▶ **Supplied data**
§ §

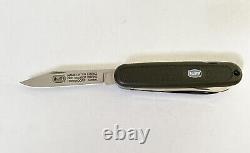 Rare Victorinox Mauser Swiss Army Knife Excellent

§ §

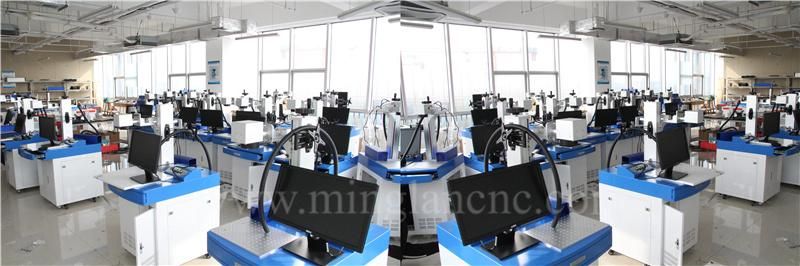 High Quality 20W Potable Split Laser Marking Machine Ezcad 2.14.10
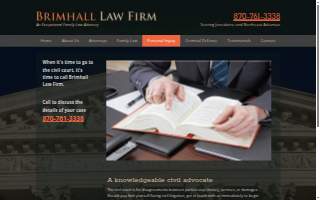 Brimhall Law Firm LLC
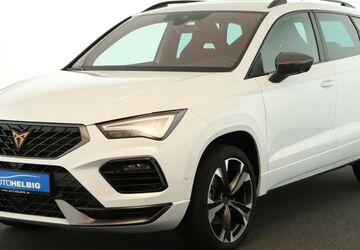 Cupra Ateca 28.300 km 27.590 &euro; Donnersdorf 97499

§ §

▶ **What is needed**
Write out again exactly the lines above from the one with "Brimhall Law Firm LLC" through the one with "Cupra Ateca 28.300", adding no other lines and no pictures.

▶ **Output**
 Brimhall Law Firm LLC
 Cupra Ateca 28.300 km 27.590 &euro; Donnersdorf 97499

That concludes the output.